Bayangkan sebuah malam di Kota Semarang pada penghujung dekade 1970-an. Lampu-lampu panggung seadanya, kursi kayu berderet di tanah berdebu, dan di udara yang lembap terdengar suara serempak: sepuluh perempuan berjilbab rapi memegang gitar, biola, gendang, dan keyboard.
Mereka menyanyikan lirik yang memuja Tuhan, menyeru perdamaian, sekaligus menyapa dunia yang jauh dari desa mereka. Suara itu hadir berbeda di tengah riuh rendah pasar malam dan gegap gempita dangdut Rhoma Irama. Tidak sensual, tidak sekadar hiburan, tetapi seolah mengikat tubuh-tubuh penonton ke dalam lingkaran zikir yang berpadu dengan irama pop.

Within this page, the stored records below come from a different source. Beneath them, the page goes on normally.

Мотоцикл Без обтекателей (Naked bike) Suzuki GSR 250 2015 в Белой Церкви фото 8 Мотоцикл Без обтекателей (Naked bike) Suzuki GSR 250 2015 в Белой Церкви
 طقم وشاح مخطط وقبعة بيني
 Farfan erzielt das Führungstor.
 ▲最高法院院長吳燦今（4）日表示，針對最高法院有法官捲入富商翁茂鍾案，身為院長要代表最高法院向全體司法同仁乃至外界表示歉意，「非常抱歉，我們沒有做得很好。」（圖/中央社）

Itulah Nasida Ria, sebuah nama yang lahir dari Semarang tahun 1975, dan sejak itu mengubah peta musik populer Indonesia. Mereka membawa qasidah keluar dari batas masjid dan langgar, lalu menempatkannya di panggung hiburan rakyat, kaset pita, hingga kelak di Spotify dan YouTube. Dalam sejarah panjang musik Indonesia, Nasida Ria adalah eksperimen paling megak: sebuah jembatan antara dakwah, politik, dan pasar, dimainkan oleh perempuan desa yang suaranya menyeberangi batas nasional (Hung, 2017; Umam & Martini, 2022).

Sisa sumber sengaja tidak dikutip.